Wendell is a town in Wake County, North Carolina, United States. It is a satellite town of Raleigh, the state capital.  The population was 5,845 at the 2010 census.

History
Incorporated in 1903, Wendell was settled in the 1850s, when farmers in Granville County were victims of a blight that came to be known as the Granville County Wilt. Their tobacco crops failed, and they chose to move to a new location with more fertile land for their crops.

As settlement increased, a small village took form. The villagers asked the local schoolteacher, M.A. Griffin, to choose a name.
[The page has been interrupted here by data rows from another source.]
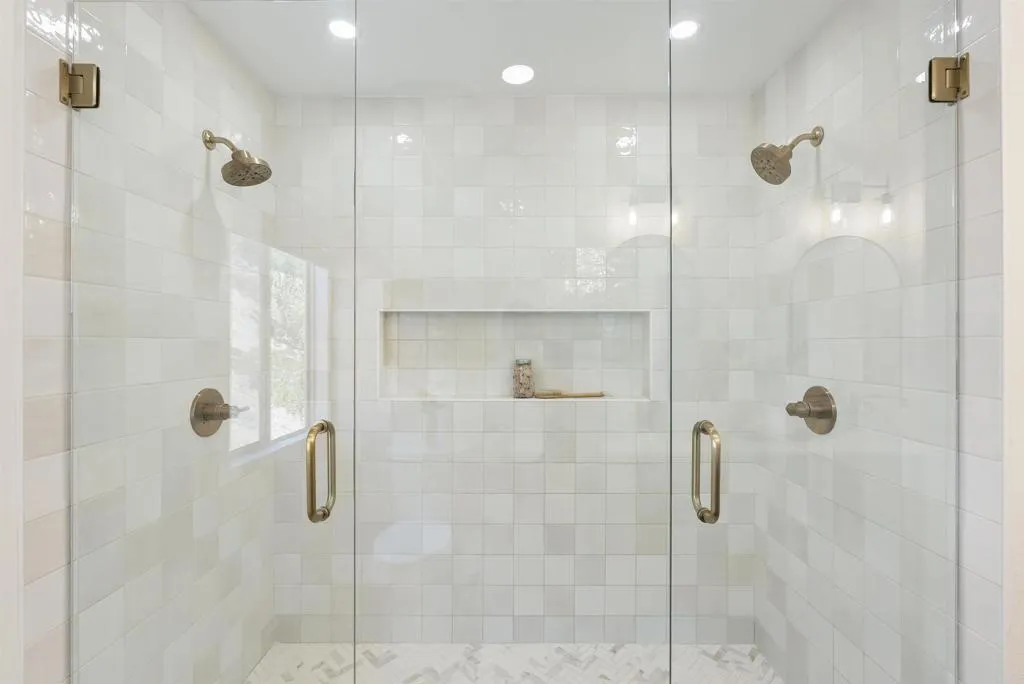 https://cdn.realtyfeed.com/cdn/127/306725904/6549a1195d947dee7ef5327808a46d8f.webp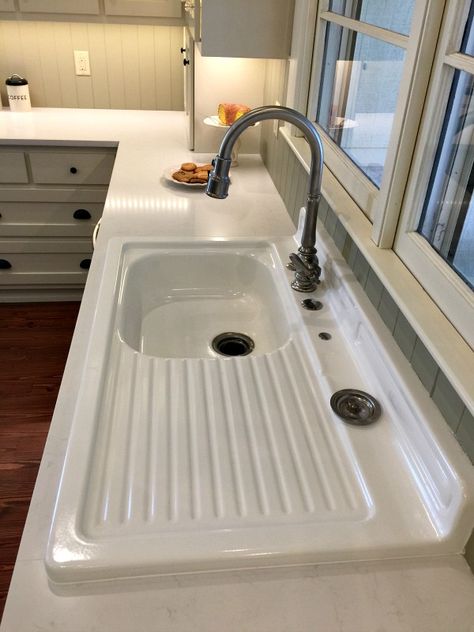 Farm Sink With Drainboard, Cast Iron Kitchen Sink With Drainboard, Old Farmhouse Sink With Drainboard, Apron Sink With Drain Board, Vintage Farmhouse Sink With Drainboard, Farmhouse Sink With Drainboard, Vintage Kitchen Sink, Mobile Home Kitchen, Small Space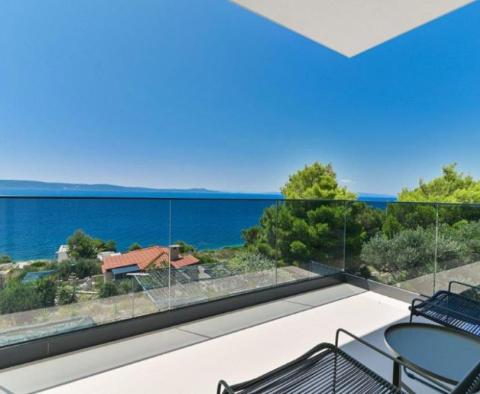 Schöne neue Villa auf der Halbinsel Ciovo, nur 100 Meter vom Meer entfernt - foto 2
Griffin suggested they call it Wendell, in honor of his favorite poet, Oliver Wendell Holmes. However, the townspeople pronounce each syllable with equal emphasis, not as the poet's middle name is said. The Town seal was adopted on April 4, 1963.

The first post office was built in 1891, and has been restored by the Wendell Historical Society.  The oldest institution in Wendell is Hephzibah Baptist Church, founded in 1809.  The first newspaper was the Wendell Clarion, founded in 1911, which was succeeded by the Gold Leaf Farmer and currently the Eastern Wake News.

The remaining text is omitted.